Longer amino acid tails do not increase the chances of those random encounters, but they do make the enzymes more "sticky," so when they bump into each other, it is more likely that they will stay together.
That is not the only way the amino acid tails assist in the transcription of DNA, however. Quintero Cadena says by bringing more enzymes together, the tails may also sometimes create a membraneless organelle, essentially a zone within the cell where DNA transcription is localized. Generally, each organelle of a cell can be thought of as a discrete object that is surrounded by its own membrane—one that holds in its contents. However, the team's research shows that when it comes to polymerase, their tails help the enzymes to gather themselves into a locale without needing to be contained by a membrane. This is because the amino acid tails attached to the polymerase enzyme have a greater affinity for other amino acid tails than they do for the fluid that fills the cell. It is not unlike how oil that has been mixed into water will separate itself and gather into its own droplets.
However, Quintero Cadena adds, unlike oil, which has no affinity for water, the amino acid tails can be chemically tailored by the cell to have as much or as little affinity for other cellular contents as necessary. This allows the cell to adjust how strongly the enzymes gather around each other.
Quintero Cadena says these discoveries provide a clearer idea of how genes are activated in a cell, and how the same cellular machinery has adapted through evolution to function in very different organisms.
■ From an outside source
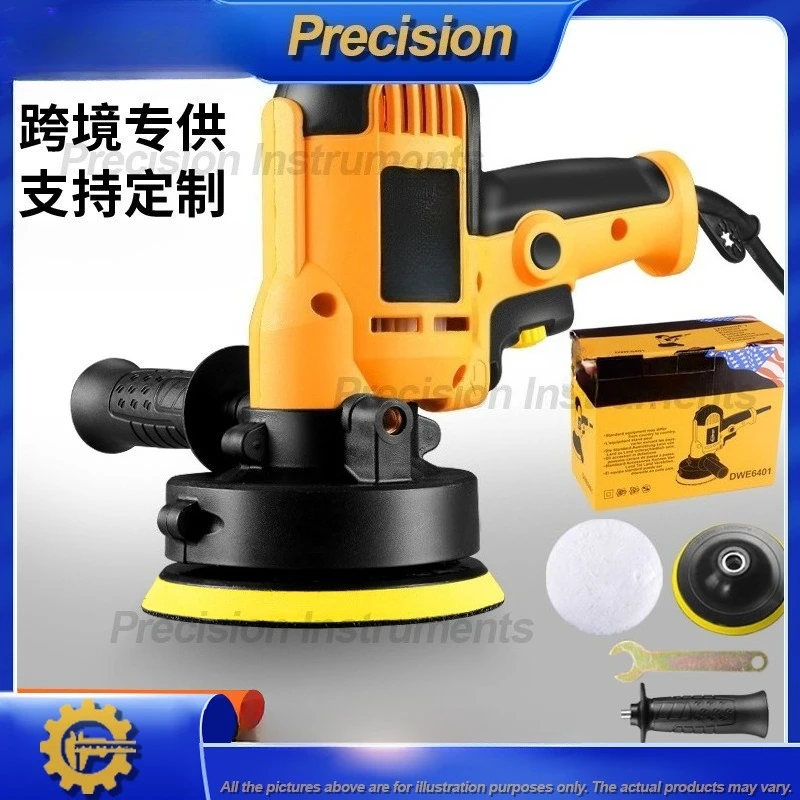 2026 Electric Handheld Polishing Machine for Car Waxing Marble Tile Surface Finishing Home Use Automatic Polisher Tool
"In the short term, this subtly but importantly changes the cartoon in our heads of how molecules interact to turn on a gene," he says. "In the long term, a better understanding of gene activation paints a more complete picture of the inner workings of a cell, which may help us understand how things that go wrong in a cell can contribute to diseases, and more generally to understand how cells change over time to adapt in different environments."
The paper with their findings is titled, "RNA Pol II Length and Disorder Enable Cooperative Scaling of Transcriptional Bursting."In addition to Quintero Cadena and Sternberg of Caltech, the paper is co-authored by Tineke L. Lenstra of the Netherlands Cancer Institute.
Support for the research was provided by the Howard Hughes Medical Institute, the Gordon Ross Medical Foundation, and the Benjamin M. Rosen Graduate Fellowships. Paul Sternberg is an affiliated faculty member with the Tianqiao and Chrissy Chen Institute for Neuroscience at Caltech.